To see several files, you can enter the files names in sequence or use a regular expression to describe a pattern (such as *.txt to look at all .txt files).

$ less foo.txt bar.txt

When you get to end of the first file in the list, type :n to see the next file. At any point you can type :p to see the previous file or q to quit and get back to the command line.
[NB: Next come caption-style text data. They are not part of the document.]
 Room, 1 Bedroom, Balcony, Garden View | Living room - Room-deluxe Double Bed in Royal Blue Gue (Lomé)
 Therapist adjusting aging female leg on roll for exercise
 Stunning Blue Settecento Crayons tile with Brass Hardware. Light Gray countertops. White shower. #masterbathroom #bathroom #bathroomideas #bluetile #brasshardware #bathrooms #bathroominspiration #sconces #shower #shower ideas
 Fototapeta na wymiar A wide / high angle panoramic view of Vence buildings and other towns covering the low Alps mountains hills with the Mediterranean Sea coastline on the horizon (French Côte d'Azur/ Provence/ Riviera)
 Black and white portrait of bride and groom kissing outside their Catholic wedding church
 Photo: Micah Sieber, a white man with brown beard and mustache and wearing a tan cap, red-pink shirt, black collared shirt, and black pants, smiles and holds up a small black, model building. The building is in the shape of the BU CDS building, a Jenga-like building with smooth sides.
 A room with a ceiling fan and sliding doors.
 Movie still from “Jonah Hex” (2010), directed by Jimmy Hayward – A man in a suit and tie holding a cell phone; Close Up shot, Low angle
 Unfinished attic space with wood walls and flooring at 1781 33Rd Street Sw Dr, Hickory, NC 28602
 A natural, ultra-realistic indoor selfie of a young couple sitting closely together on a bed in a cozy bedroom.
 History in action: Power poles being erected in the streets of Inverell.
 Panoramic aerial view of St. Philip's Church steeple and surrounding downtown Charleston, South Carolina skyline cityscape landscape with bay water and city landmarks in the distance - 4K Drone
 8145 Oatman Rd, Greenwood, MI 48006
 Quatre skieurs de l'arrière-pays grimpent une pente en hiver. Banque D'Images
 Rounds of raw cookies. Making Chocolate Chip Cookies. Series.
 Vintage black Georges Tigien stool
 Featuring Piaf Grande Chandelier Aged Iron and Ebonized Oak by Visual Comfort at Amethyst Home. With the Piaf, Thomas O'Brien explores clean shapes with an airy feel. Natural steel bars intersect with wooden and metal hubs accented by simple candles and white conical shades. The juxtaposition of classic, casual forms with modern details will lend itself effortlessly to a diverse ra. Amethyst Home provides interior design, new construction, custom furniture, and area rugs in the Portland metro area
ln Make links to remote files. There are two different kinds of links: hard and symbolic. A hard link is a pointer to a file which is actually located in a different directory and is indistinguishable from the orginal file. A symbolic link is an indirect pointer that only contains the file path of the original file. You can call that name to access the remote file. The syntax is

ln [-s]<file path> <link name>

The -s flag makes a symbolic link. For example:
$ ln -s /stuff/myfile.txt foobar.txt
Note that the link name foobar.txt is treated as a normal file, which may cause problems if you already have a file named foobar.txt (that is, you will lose your previous file). However, you can easily identify symbolic links when you run ls , since they have a "@" character next to their names:
$ ls  
foo.txt
foobar.txt@
bar.txt
Use ls -l to see where the link points to and information about the original file:
$ ls -l foobar.txt 
lrwxrwxrwx  1  spw4s users  13 Jul 26 12:02  
foobar.txt -> stuff/myfile.txt
lpr Use this to print a file from the command line. You may need to provide a printer name. The syntax is

lpr [-P<printer name>] <file name>

Note that there is no space between the -P and the printer name. The standard printer on jefferson is the black and white HP laser jet near the IATH conference table. Its name is av_l1, so to send a printing job there you would enter
$ lpr -Pav_l1 foobar.txt
If you do not specify a printer, the job will be sent to the default printer (which is probably av_l1).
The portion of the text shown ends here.